Es así como el gobierno que venía a resolver los problemas y a normalizar el país termina creando problemas nuevos y originales, y consagrando la anomalía y el esperpento. La Argentina está en todos los diarios del mundo por un tifón que puede transformarse en un tsunami, tiene la segunda inflación más alta de la Tierra, posee un cepo cambiario que debería ser objeto de estudios antropológicos, y a pesar del auge de la soja, acaba de entrar en recesión preocupante. ¿Todas esas transgresiones son gratuitas? La Organización Mundial de Comercio falló esta semana contra nosotros por violar las reglas, un alegre deporte nacional: Japón, Estados Unidos y la Unión Europea opinan que deberían sancionarnos, ¿pero qué nos importan esas naciones irrelevantes si son parte del capitalismo terminal?

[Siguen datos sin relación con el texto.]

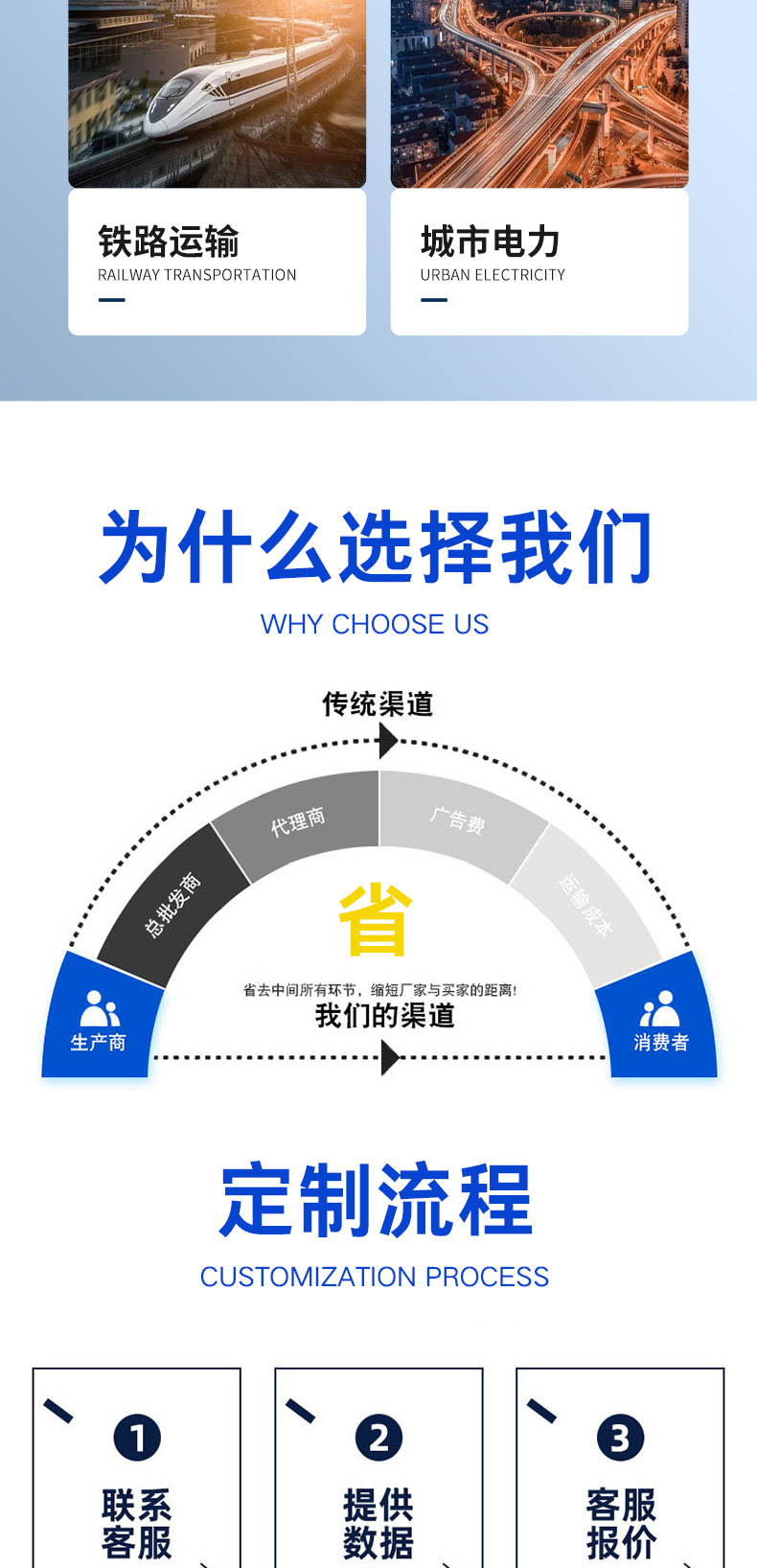 正恒电力详情页3_09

Tocan a su fin para la patria verdadera, aquella que prescinde del marketing y de la vana semántica, las batallitas culturales, puesto que la crítica realidad impondrá más temprano que tarde la obligación de dar la gran batalla económica. Que consiste, según admiten hasta los más conspicuos kirchneristas, en desarmar las minas explosivas que dejaron plantadas e intentar que las esquirlas no dañen una vez más al pueblo.